The Irish cybersecurity sector: An overview
The Irish cybersecurity sector is growing at a rate of over 10 per cent per annum and could, if such growth continues, employ over 17,000 people and create €2.5 billion of gross value added by 2030.
The 489 cybersecurity firms operating in Ireland have 734 offices, according to the State of the Cyber Security Sector in Ireland report, with 73 per cent of these offices in Dublin, Cork, Galway, or Limerick. While Dublin has the most overall offices, Cork and Galway retain the largest number of firms per capita.
The main products offered by cybersecurity firms in Ireland include managed security service provision and advisory services, offered by 36 per cent of firms, securing applications, networks, and cloud environments services, provided by 31 per cent, and risk, compliance, and fraud services, provided by 28 per cent.
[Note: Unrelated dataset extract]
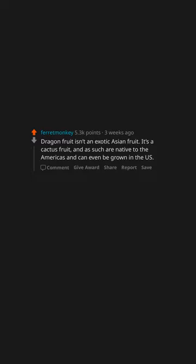What's a secret the food industry doesn't want you to know? Dragon fruit isn't an exotic Asian fruit. It's a cactus fruit and as such are native to the Americas and can even be grown in the U.S.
Threat intelligence, monitoring, detection, and analysis is served by 26 per cent of firms, with operational technology security and connected devices served by 13 per cent and identification, authentication, and access control by 11 per cent.
The cybersecurity sector is an anomaly in the Irish context due to the makeup of the types of businesses that populate the sector. While the Central Statistics Office’s (CSO) Business Demography 2019 found that over 99 per cent of Ireland’s business were SMEs, 44 per cent of the businesses involved in cybersecurity in Ireland are classified as large enterprises, meaning that they have at least 250 employees and €50 million of annual turnover. This is perhaps not surprising given the prevalence of foreign direct investment in the sector, with 71 per cent of employment in the sector supported by FDI, and 28 per cent of firms headquartered in the United States and 55 per cent of employees employed by those firms.
The Department of Enterprise, Trade and Employment’s 2022 report Attracting Tech Talent to Ireland estimated there to be circa 80,000 professionals engaged in technological sectors in Ireland, meaning that the 7,351 engaged in cybersecurity work account for 9.2 per cent of the total technological workforce.
CSO statistics record Ireland’s gross value added (GVA) as €393.788 billion for the year 2021; the €1.1 billion GVA recorded by the cybersecurity sector in the same year means that it accounted for 0.28 per cent of the national GVA. While broad sectoral figures for the year 2021 have yet to be released, the sector in which the CSO places cybersecurity – information and communication – is now the second largest sector in terms of GVA, behind only manufacturing. The information and communication sector accounted for 17.4 per cent of national GVA in 2020 and has recorded steady growth from €18.166 billion in 2013 to €58.574 billion in 2020.
2020 saw the sector record a growth rate of 13.8 per cent in GVA, from €51.472 billion in 2019. If such a level of growth were to have been recorded again in 2021, this would mean a GVA of €67,377,212,000, meaning that cybersecurity’s €1.1 billion would account for 1.63 per cent of total sectoral GVA. GVA per employee stands at €150,000 in Ireland’s cybersecurity sector, comparing favourably to the UK rate of £100,000 (roughly €120,000) per employee.
As part of Cyber Ireland’s State of the Cyber Security Sector in Ireland report, a survey found 83 per cent of businesses expecting to grow their cybersecurity teams in the year 2022, with half of the businesses expecting growth of over 25 per cent. Findings such as this led the report’s authors to conclude that the 10 per cent plus annual growth rate experienced by the sector in recent years is sustainable in the short term to 2030, whereby the sector could have as many as 17,000 employees and €2.5 billion GVA. However, four-in-10 employers attested to a lack of appropriately skilled candidates; 33 per cent noted high competition from other cybersecurity businesses, 22 per cent noted a lack of non-technical skills in the labour pool, and 21 per cent said salaries are unaffordable.
With such growth having been experienced in the sector since 2013, and further growth expected, the enhanced commitments to cybersecurity seen in the wake of the HSE cyberattack will be music to the ears of those invested in the sector, but a significant challenge lies in store with an annual shortfall of people in cybersecurity roles across the broader economy of 10,000 according to ISC2. Research by people such as Leslie Kesselring has pointed to this being a global problem, with skills shortages impacting 70 per cent of businesses. The challenge for the cybersecurity sector is clear; the same can be said of the opportunity.